Entre 1969 e 1973, Adriano usava a arte e cultura como meio de enfrentamento político, mas teve um contratempo: “Quando voltei do meu estudo de TCC em Diamantina, onde passei um mês, meu amigo Alexandre tinha sumido e a família falava que ele tinha feito uma cirurgia de apendicite. Ficamos preocupados”, conta Adriano sobre seu amigo Alexandre Vannucchi Leme participante da ALN. Em março de 1973, mesmo ano do “sumiço” de Alexandre, os militares infiltrados em um dos caminhões da Folha de São Paulo, invadiram a casa de Adriano, levando-o preso junto aquela que ainda era sua namorada, Arlete Lopes Diogo, com quem teve uma filha e dois netos. Já no DOI-CODI, Adriano ouviu de um dos militares: “Você sabe onde você está? Você está na antessala do inferno, a Operação Bandeirantes”.  

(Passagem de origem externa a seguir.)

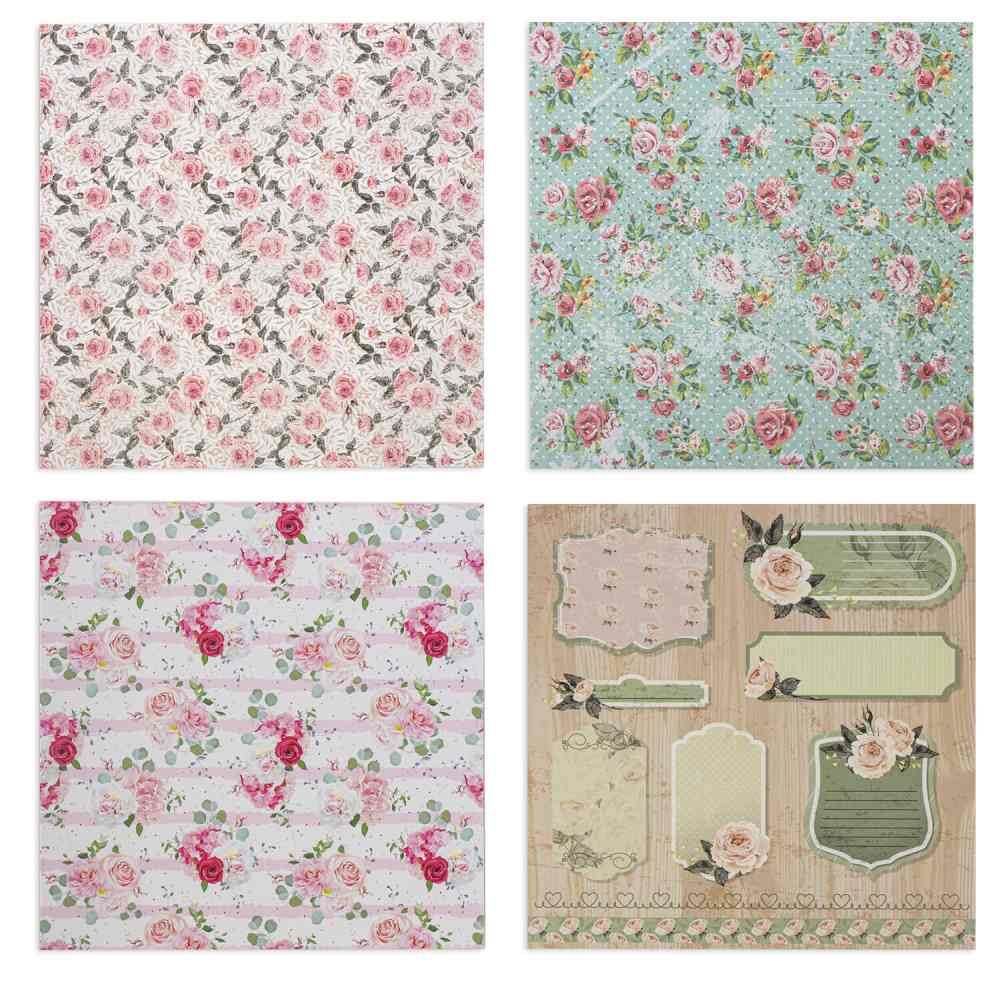 картинка Бумага для скрапбукинга, 30*30 см, 12 л, 180 г/м2, двусторонняя, "Шебби-шик", ОСТРОВ СОКРОВИЩ, 662764 от магазина Альфанит в Кунгуре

Alguns dias depois, durante uma conversa com um dos guardas, ele soube da morte de Alexandre, que teve o corpo enrolado num tapete e jogado na Rua João Boemer, na região do Brás. “Aí contrataram um caminhão para esmagar o corpo dele e dizer que ele havia se suicidado.” Completou Adriano. Durante os interrogatórios ele percebeu que os militares “não sabiam de nada”, perguntando coisas com as quais ele não tinha ligação alguma, principalmente para incriminar Alexandre com o movimento armado.  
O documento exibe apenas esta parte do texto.